*Exercise*. Reproduce exactly the lines of this material that begin at the line with "Berita Hari Ini: Mesir" and end at the line with "Сноуборд панталон DC 10k. L рсзмер", both included. Omit the pictures and everything else.

*Records*.
- - - - - - -
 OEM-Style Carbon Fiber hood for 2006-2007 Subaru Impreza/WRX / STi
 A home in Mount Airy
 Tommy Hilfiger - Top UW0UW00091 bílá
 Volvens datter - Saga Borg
- - - - - - -
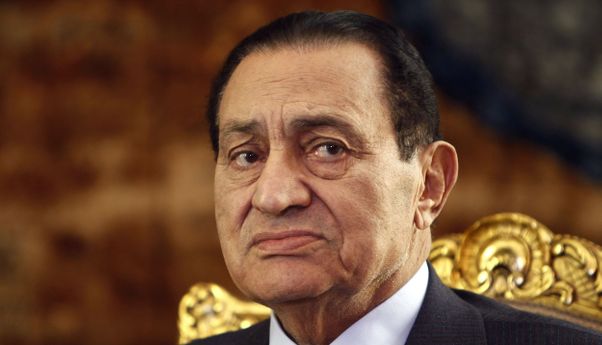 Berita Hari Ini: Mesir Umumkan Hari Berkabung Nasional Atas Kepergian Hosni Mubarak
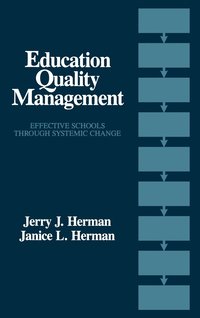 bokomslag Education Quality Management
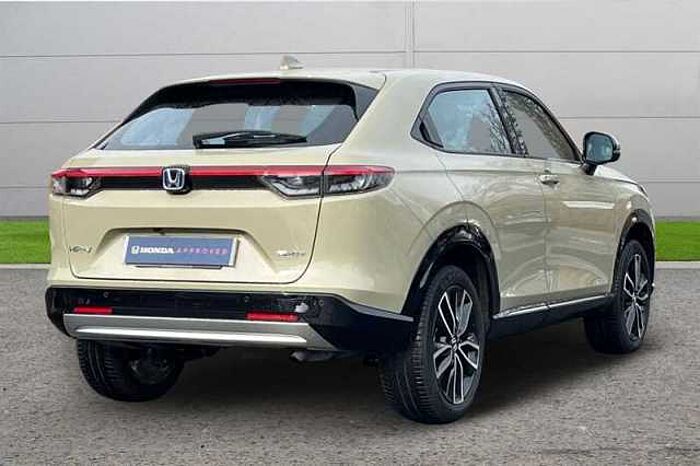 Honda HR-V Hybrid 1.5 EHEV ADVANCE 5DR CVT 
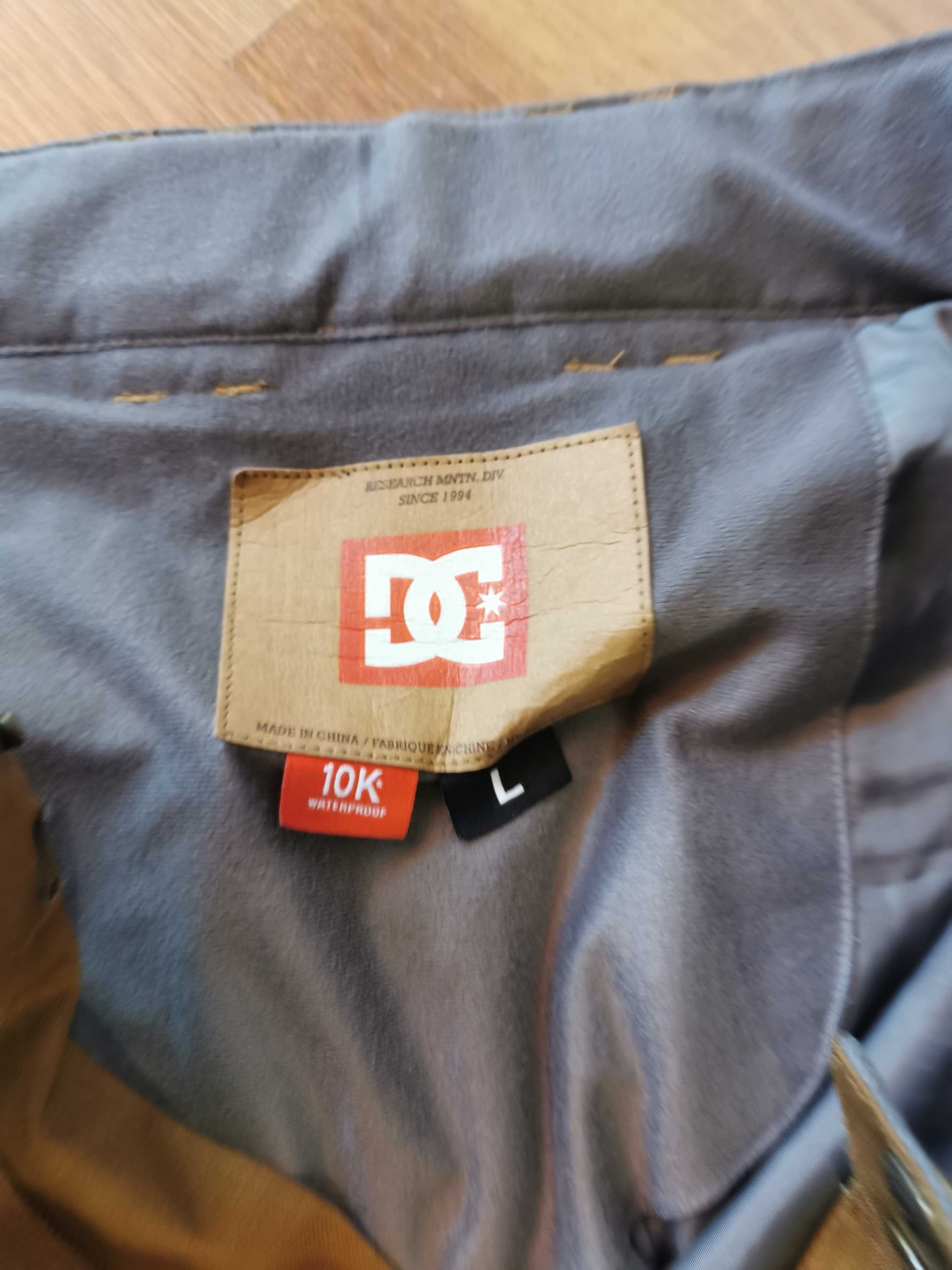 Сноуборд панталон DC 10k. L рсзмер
- - - - - - -
*Written solution*.
 Berita Hari Ini: Mesir Umumkan Hari Berkabung Nasional Atas Kepergian Hosni Mubarak
 bokomslag Education Quality Management
 Honda HR-V Hybrid 1.5 EHEV ADVANCE 5DR CVT 
 Сноуборд панталон DC 10k. L рсзмер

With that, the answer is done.